§ **STORED DATA**:
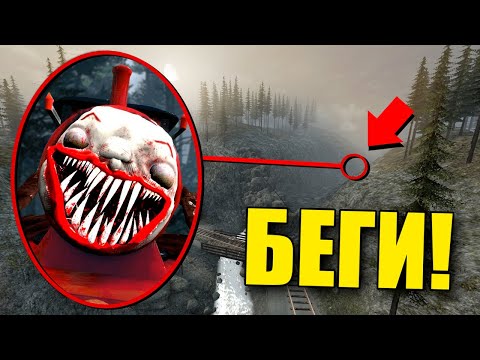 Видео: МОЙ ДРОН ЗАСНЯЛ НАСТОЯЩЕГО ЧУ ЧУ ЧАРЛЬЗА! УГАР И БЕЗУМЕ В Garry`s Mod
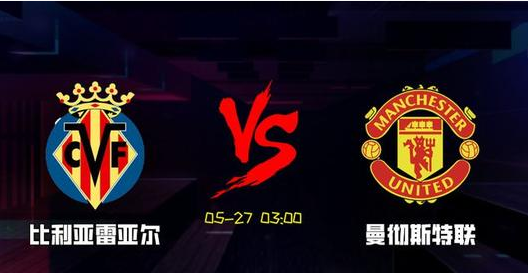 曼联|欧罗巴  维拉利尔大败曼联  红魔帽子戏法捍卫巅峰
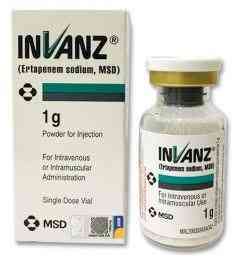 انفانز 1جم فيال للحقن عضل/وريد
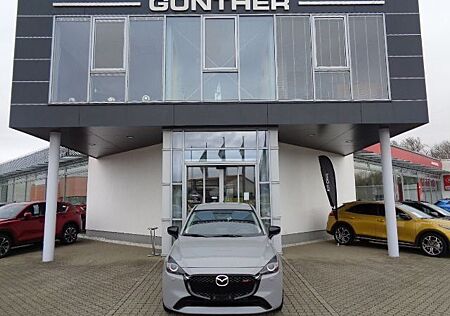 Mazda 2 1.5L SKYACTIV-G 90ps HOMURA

§ **WHAT TO DO**:
Your answer should set down the listing verbatim and leave out its images.

§ **SOLUTION TO THIS EXERCISE**:
 Видео: МОЙ ДРОН ЗАСНЯЛ НАСТОЯЩЕГО ЧУ ЧУ ЧАРЛЬЗА! УГАР И БЕЗУМЕ В Garry`s Mod
 曼联|欧罗巴  维拉利尔大败曼联  红魔帽子戏法捍卫巅峰
 انفانز 1جم فيال للحقن عضل/وريد
 Mazda 2 1.5L SKYACTIV-G 90ps HOMURA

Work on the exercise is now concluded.